Il était une fois, multiplie les tournées en France et enchaînent les succès "Que fais-tu ce soir après dîner", "Téléphone", Viens faire un tour sous la pluie". Les déplacement du groupe nécessitent quatre tonnes de matériel, deux camions et deux voitures. Ils se produisent d'abord avec Julien Clerc, puis avec Joe Dassin, et enfin avec Johnny Hallyday, à l'occasion de son "Johnny circus". Ils se produisent ensuite avec Daniel Guichard, alors au sommet de sa gloire.

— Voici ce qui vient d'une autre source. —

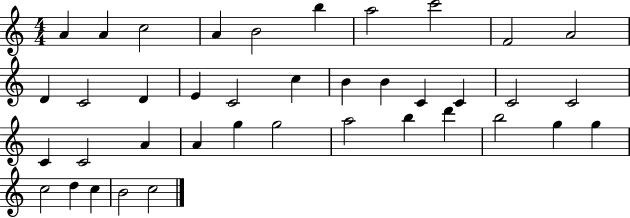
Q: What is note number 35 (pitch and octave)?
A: C5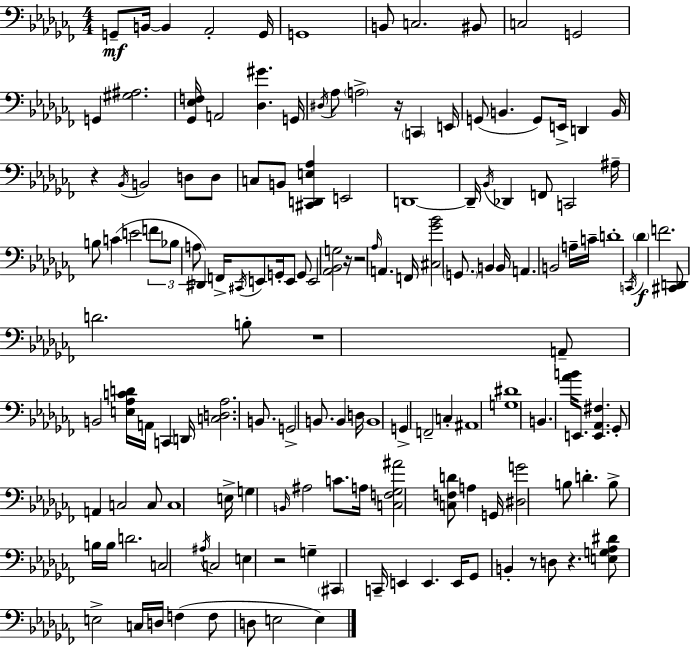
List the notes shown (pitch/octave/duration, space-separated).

Il est alors impossible d'ouvrir un magazine destiné aux jeunes, sans voir Il était une fois, présenter la mode ou des cadeaux à offrir à Noël. L'image du groupe, c'est Joëlle. Elle est la plus demandée par les photographes et les journalistes. "Elle plaît aux hommes et nous aux filles, cela compense" déclarent les musiciens.

Souriante, toujours ponctuelle à ses rendez-vous, Joëlle pose dans des tenues dont elle dessine les modèles ou en confie la réalisation, à un styliste encore inconnu alors, François Girbaud. Dans les sondages leur côte atteint les 92%. En 1973 et 1974, ils se retrouvent en tête du référendum de "Salut les copains" devant Demis Roussos, les Martin Circus et même les rolling Stones et Pink Floyd. C'est dire la popularité du groupe à ce moment-là !

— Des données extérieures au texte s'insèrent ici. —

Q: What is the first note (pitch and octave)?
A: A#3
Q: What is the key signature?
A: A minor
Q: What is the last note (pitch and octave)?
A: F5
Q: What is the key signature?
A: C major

Joëlle donne aussi aux jeunes lectrices des conseils de beauté ou de cuisine, domaine ou elle excelle également.

Extrêmement sportive, Joëlle fait sensation à Courchevel, en sautant en parachute à 2700m d'altitude, sous les yeux des garçons restés dans l'avion. Elle remporte aussi 6 médailles d'athlétisme et de tir à l'arc, aux Olympiades organisées par Europe 1, à Marrakech, et suit les musiciens au Castellet à un cours de pilotage.

En 1975, leur tube "J'ai encore rêvé d'elle", qui se vend à 1 million d'exemplaires en trois mois, leur apporte la gloire et la consécration.

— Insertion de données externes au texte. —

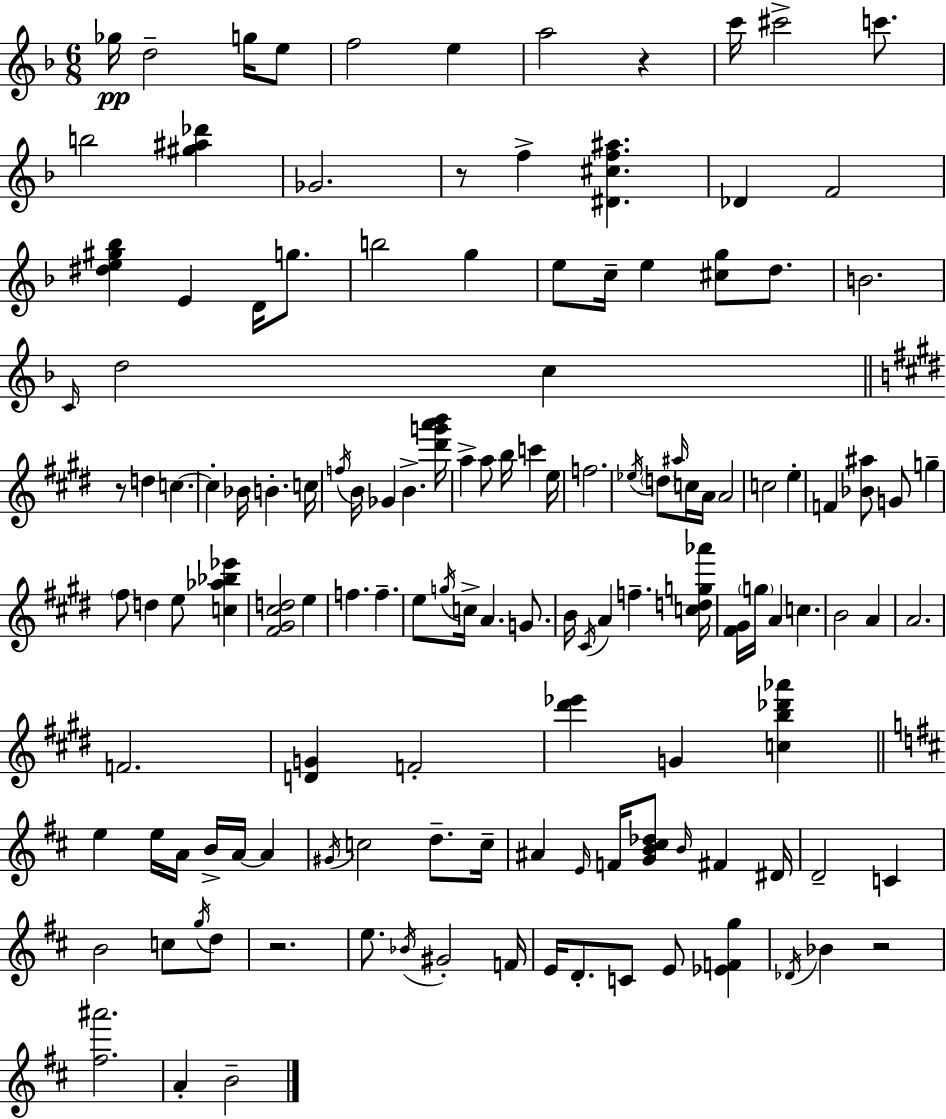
{
  \clef treble
  \numericTimeSignature
  \time 6/8
  \key d \minor
  ges''16\pp d''2-- g''16 e''8 | f''2 e''4 | a''2 r4 | c'''16 cis'''2-> c'''8. | \break b''2 <gis'' ais'' des'''>4 | ges'2. | r8 f''4-> <dis' cis'' f'' ais''>4. | des'4 f'2 | \break <dis'' e'' gis'' bes''>4 e'4 d'16 g''8. | b''2 g''4 | e''8 c''16-- e''4 <cis'' g''>8 d''8. | b'2. | \break \grace { c'16 } d''2 c''4 | \bar "||" \break \key e \major r8 d''4 c''4.~~ | c''4-. bes'16 b'4.-. c''16 | \acciaccatura { f''16 } b'16 ges'4 b'4.-> | <dis''' g''' a''' b'''>16 a''4-> a''8 b''16 c'''4 | \break e''16 f''2. | \acciaccatura { ees''16 } \parenthesize d''8 \grace { ais''16 } c''16 a'16 a'2 | c''2 e''4-. | f'4 <bes' ais''>8 g'8 g''4-- | \break \parenthesize fis''8 d''4 e''8 <c'' aes'' bes'' ees'''>4 | <fis' gis' cis'' d''>2 e''4 | f''4. f''4.-- | e''8 \acciaccatura { g''16 } c''16-> a'4. | \break g'8. b'16 \acciaccatura { cis'16 } a'4 f''4.-- | <c'' d'' g'' aes'''>16 <fis' gis'>16 \parenthesize g''16 a'4 c''4. | b'2 | a'4 a'2. | \break f'2. | <d' g'>4 f'2-. | <dis''' ees'''>4 g'4 | <c'' b'' des''' aes'''>4 \bar "||" \break \key d \major e''4 e''16 a'16 b'16-> a'16~~ a'4 | \acciaccatura { gis'16 } c''2 d''8.-- | c''16-- ais'4 \grace { e'16 } f'16 <g' b' cis'' des''>8 \grace { b'16 } fis'4 | dis'16 d'2-- c'4 | \break b'2 c''8 | \acciaccatura { g''16 } d''8 r2. | e''8. \acciaccatura { bes'16 } gis'2-. | f'16 e'16 d'8.-. c'8 e'8 | \break <ees' f' g''>4 \acciaccatura { des'16 } bes'4 r2 | <fis'' ais'''>2. | a'4-. b'2-- | \bar "|."
}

De temps en temps, le groupe fait une infidélité à son répertoire habituel. Le groupe enregistre ainsi la musique et les chansons de "La rage au poing", un film évoquant l'existence des jeunes des grands ensembles ayant choisi d'échapper au monde des adultes. Le groupe devient également un habitué des duos avec d'autres chanteurs, à la télévision, comme Joe Dassin.

Les journées de repos sont rares, et dès qu'elle le peut, Joëlle part se reposer à Chalopin, la maison de l'Yonne qu'elle a achetée avec Serge, qui y vit encore aujourd'hui. Elle qui adore cuisiner prépare des repas pour les copains qui passent, comme Carlos, C.Jérôme, Hugues Aufray, Dick Rivers ou Christophe.

En 1977, le groupe retrouve Joe Dassin, dont il assure à nouveau la première partie à l'Olympia. "Nous ne sommes pas pressé d'être en haut de l'affiche" disent-ils alors. Leur popularité commence alors à dépasser l'hexagone. Leurs disques sortent au Canada, en Allemagne, en Angleterre, en Espagne, en Turquie, et au Japon, où le groupe est rebaptisé "Joëlle et son orchestre".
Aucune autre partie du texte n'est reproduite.